Here are some valuable thoughts, I'll re-write something more synthetic later...
From digitalhermit (113459):
I deal with some aggregate 2
terabytes of storage on my home file servers. What works for me won't
work for an enterprise corporate data center, but maybe some things are
I think the article does a good job of explaining how to backup, but maybe just as important is "why?". There are some posts that say put everything on a RAID or use mirror or dd. What they fail to address is one important reason to backup: human error. You may wipe a file and then a week later need to recover it. If all you're doing is mirroring or RAID, no matter how reliable, your backups are worthless.
There's also different classes of data. I have gigabytes of videos. Some are transcoded DVDs, some are raw footage. If I lose all my transcoded DVDs it's not as critical as if I lost raw footage. Why? The DVDs can be re-ripped. It will take a long time but the data can be recreated. For the raw footage it's different, even if I keep the original Mini-DV tapes, because re-recording the video from tape won't guarantee that the file is identical. If the file is different then the edits will be different. Then there's also mail spools, CVS, personal files, etc..
What I've found is that I archive my DVD rips once every few months. Other stuff is backed up once a week to another file server.
I could care less about the OS. THe file server runs FedoraCore5. The only thing I keep is the Kickstart file so that I can rebuild it within a matter of minutes then restore the data from archives. This is just a matter of copying a samba configuration and restarting.
For the web server, all content is kept within CVS. If the web server fails, it's just a matter of rebuilding the image and pulling the latest copy from CVS. Fifteen minutes to re-image the OS. Five minutes to pull down the latest content.
For DNS, initial configuration for 8 domains is done by a perl script that auto-creates the named.conf and all zone files. Then I just append the host list to the primary domain. Ten minutes at most.

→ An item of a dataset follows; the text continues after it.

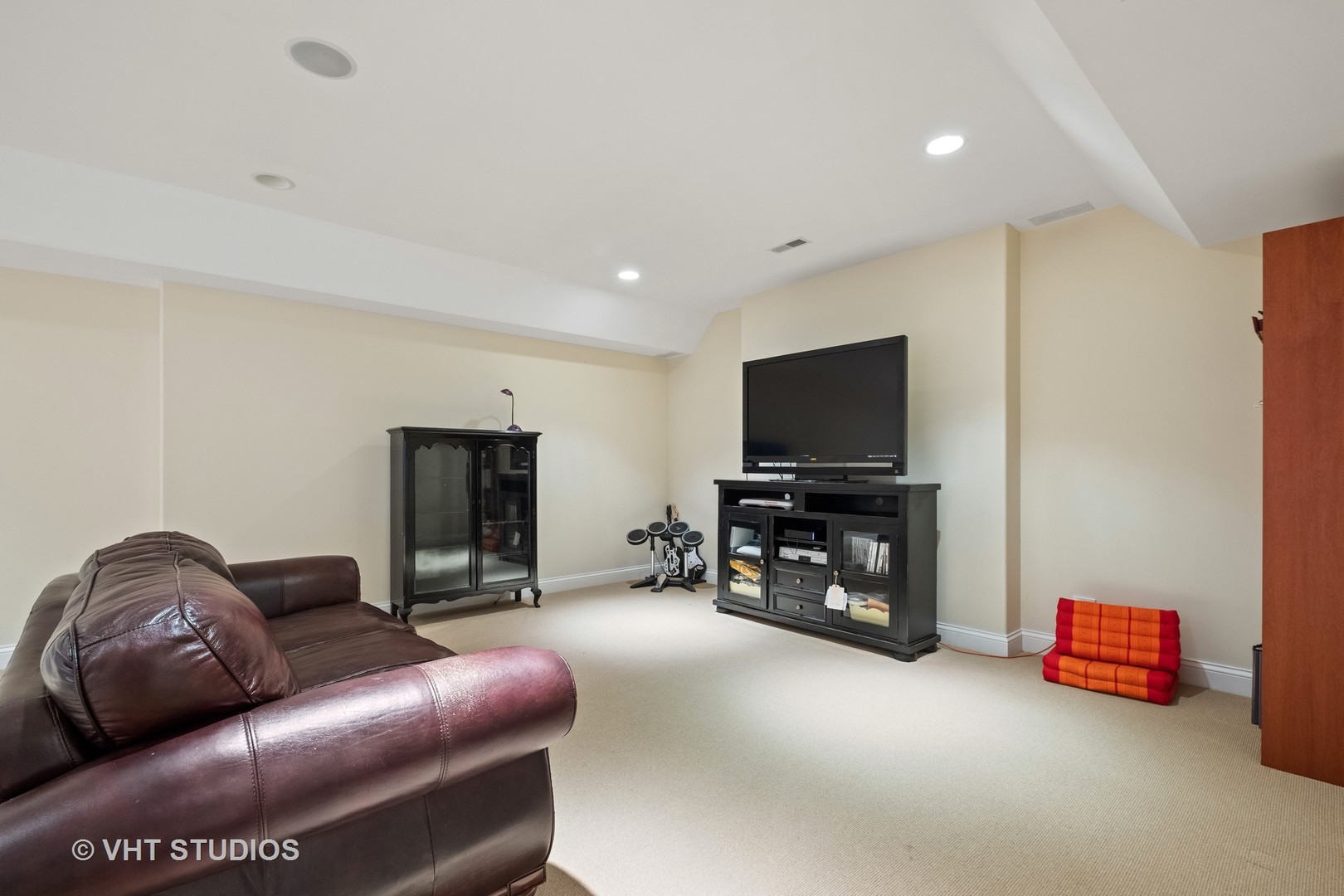 1154 Kenton Road Deerfield, IL 60015 - Photo 20 of 29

Home directories are centralized on a file server using OpenLDAP and automounts. One filesystem to backup makes it easy.. By being easy it means it gets done automatically.

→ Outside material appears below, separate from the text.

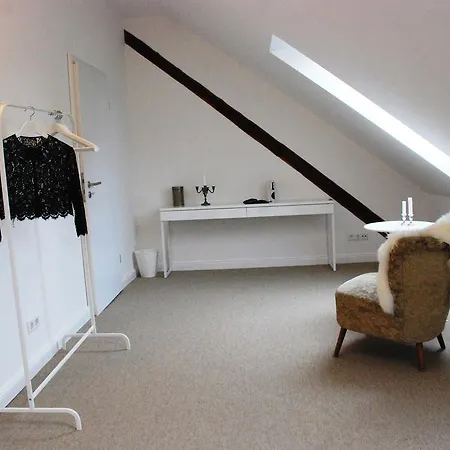 Sweet Clementine Bed & Breakfast *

Other "machines" are virtual and these are copied to DVD whenever something drastic changes (e.g., major upgrade).
From swordgeek (112599):
When you work in a large
environment, you start to develop a different idea about backups.

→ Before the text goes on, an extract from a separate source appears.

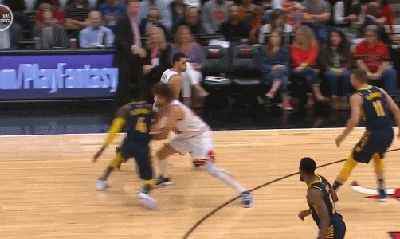 扣篮王突破分球,助攻帕克三分得手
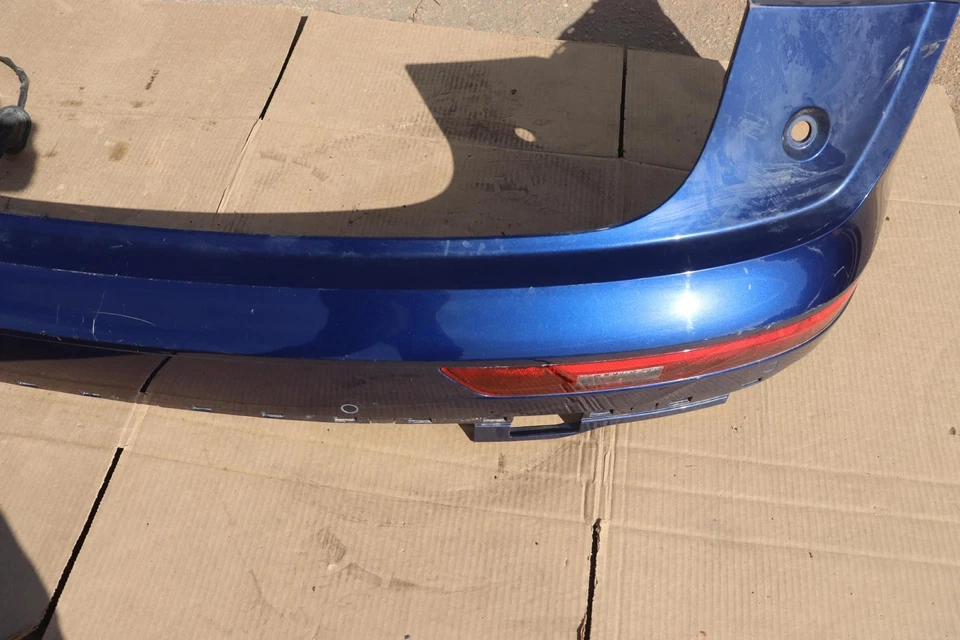 2018-2020 AUDI SQ5 PAINEL DE TAMPA DE PARA-CHOQUE TRASEIRO COM SENSORES DE ESTACIONAMENTO FABRICANTE DE EQUIPAMENTO ORIGINAL - Imagem 4 de 4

Strangely enough, most of these ideas work remarkably well on a small
scale as well.
tar, gtar, dd, cp, etc. are not backup programs. These are file or filesystem copy programs. Backups are a different kettle of fish entirely.
Amanda is a pretty good option. There are many others. The tool really isn't that important other than that (a) it maintains a catalog, and (b) it provides comprehensive enough scheduling for your needs.
The schedule is key. Deciding what needs to get backed up, when it needs to get backed up, how big of a failure window you can tolerate, and such is the real trick. It can be insanely difficult when you have a hundred machines with different needs, but fundamentally, a few rules apply to backups:
1) Back up the OS routinely.
2) Back up the data obsessively.
3) Document your systems carefully.
4) TEST your backups!!!
1) Don't restore machines--rebuild.
2) Restore necessary config files.
3) Restore data.
4) TEST your restoration.
All machines should have their basic network and system config documented. If a machine is a web server, that fact should be added to the documentation but the actual web configuration should be restored from OS backups. Build the machine, create the basic configuration, restore the specific configuration, recover the data, verify everything. It's not backups, it's not a tool, it's not just spinning tape; it's the process and the documentation and the testing.